The third keyword is “prioritise”. When a major incident occurs, there will be a “Christmas light-up”, said Lim. “When an alarm storm is triggered and the screen is all red, what will have the highest priority?”

The parties in the war room will have to make the decision and prioritise which segment is to be opened up first. For example, if the incident occurs before trading opens in Asia, it could be that Japan gets priority because the market opens an hour before Singapore, and there would be another 60 minutes to recover the Singapore operations.

ICC process has to be focused on the customer, said Lim. She cited the example of Hurricane Sandy, which brought down many data centres in New York in 2012. Some services like email took a hit, but whilst these were critical internally, they were not critical for the customer. The priority would thus be to recover for the customer first.

Lifecycle and roles

The ICC can be activated any time of the day - 24x7 x365 – and everyone who has a functioning role will have to be available to support the process.

The Incident Management Group (IMG), which includes roles such as the incident manager, recovery manager, operations service manager and communications manager, meets within 30 minutes of the ICC being initiated. It is responsible for looking into decisions such as: What are the resources we can deploy? How much money do we want to draw to recover the service? Are we willing to pay a premium to have an alternative path to bring system up? 

For example, if there is an outage at a data centre, the IMG will have to consider the investments that have to be put in to recover the service as quickly as possible. But if the particular market is about to close, the decision could be not to invest in additional resources but to do the recovery overnight. With IMG in this role, the Incident Recovery Team (IRT) can focus on technical recovery instead of shouldering all the responsibility for the investments and costs involved, because these would involve business justification.

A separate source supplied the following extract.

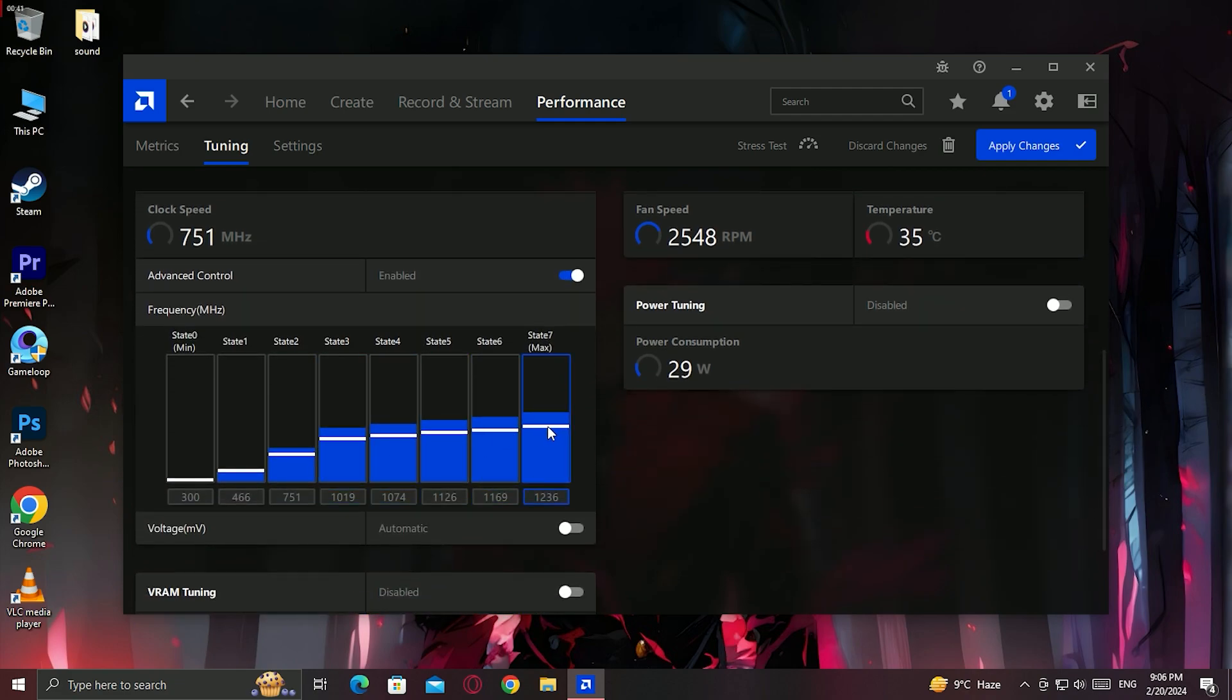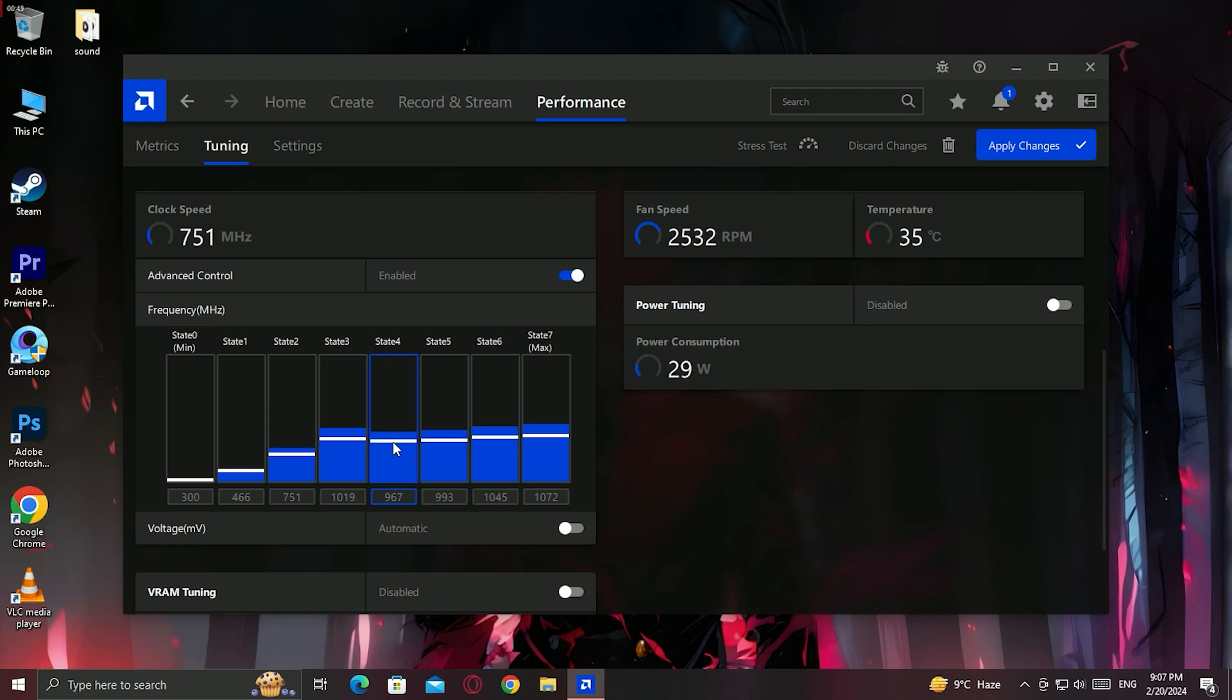So adjust these values. Don't go for too low. Just a little bit low. Like 5 to 10 percent for all AMD graphics cards. Like that I am doing here.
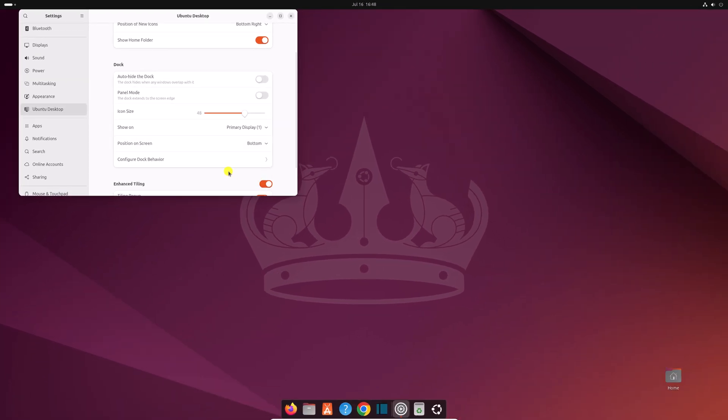To increase the dock panel icon size, use this icon size slider.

The IRT comprises technical people doing the recovery work. They will need to explore the technical options for recovery and present them to IMG, so that a decision can be made as to which course of action to take.

Another key process in the war room is the Management Team Meeting (MTM), which is convened to make decisions based upon information provided by the IMG. These meetings are capped at 20 minutes to ensure that they are very focused on decision-making to facilitate the recovery process. The MTM also provides support and guidance as appropriate, and if necessary, it will escalate the incident to the C-level Emergency Management Committee.

Through the ICC, therefore, there is a consistent approach for carrying out the recovery and the same procedure is then replicated elsewhere if other countries are affected by the major incident.

The war room remains open 24x7 for the duration of the incident, which could run for days. “We will stand it down when there is a clear path of recovery and everyone has agreed on the option that we have decided, or when the service is restored,” said Lim. “A conscious and recorded decision will be made to stand down all ICCs and the service alert is updated to reflect the fact that the ICC has been closed.”